It can't be longer than the liveness scope of the referent (that would be a dangling reference), but it could be shorter.

It can't be shorter than the liveness scope of the reference (that would be an invalid reference / allow data races), but it could be longer.

  • Let type T: 't (T is only valid at 't)
  • Let value/variable t: T last until 'u (its liveness scope is 'u)
    • t can't outlast 't so 't: 'u
  • let r: &'a T = &t
    • 'a can't outlast t can't outlast 'u, so 'u: 'a
  • Let value/variable r last until 'b (its liveness scope is 'b)
    • r can't outlast 'a so 'a: 'b
't : 'u : 'a : 'b
 ^    ^    ^    ^___ liveness scope of the reference
 |    |    |________ lifetime of the borrow of the referent
 |    |                  (and validity region of the type `&'a T`)
 |    |_____________ liveness scope of the referent
 |__________________ validity region of the type `T`

The wording of the page you keep quoting is just one interpretation (mental model) of the borrow check finding a conflict. It says

  • &mut foo is forced to have lifetime 'c
  • Then we call share and we get an error because it aliases &'c mut foo

But another interpretation is

  • loan is a &'foo mut foo for some 'foo
  • The call to share invalidates the exclusive borrow, so 'foo ends before 'd
    • Could be phrased "&mut foo is forced to have a lifetime less than 'd"
  • Then at the println! you try to use the invalidated &'foo mut foo

This interpretation is just as valid of a mental model IMO, but the type of loan was never "forced to have lifetime 'c". Instead it was prevented from having lifetime 'c, which then became a problem when you tried to use it at the end of 'c!

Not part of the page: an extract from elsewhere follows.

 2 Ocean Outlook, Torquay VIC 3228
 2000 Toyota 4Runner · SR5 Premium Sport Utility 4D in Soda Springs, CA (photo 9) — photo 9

Between these two interpretations, which lifetime does the type of loan actually have? I feel it's a vacuous question in some sense because the entire function is undefined (has no sound solution in current Rust). Under the 'c interpretation, the share call conflicts. Under the other interpretation, loan is invalid at the println!. In the end, loan has no valid lifetime. Both interpretations fail to find a sound solution.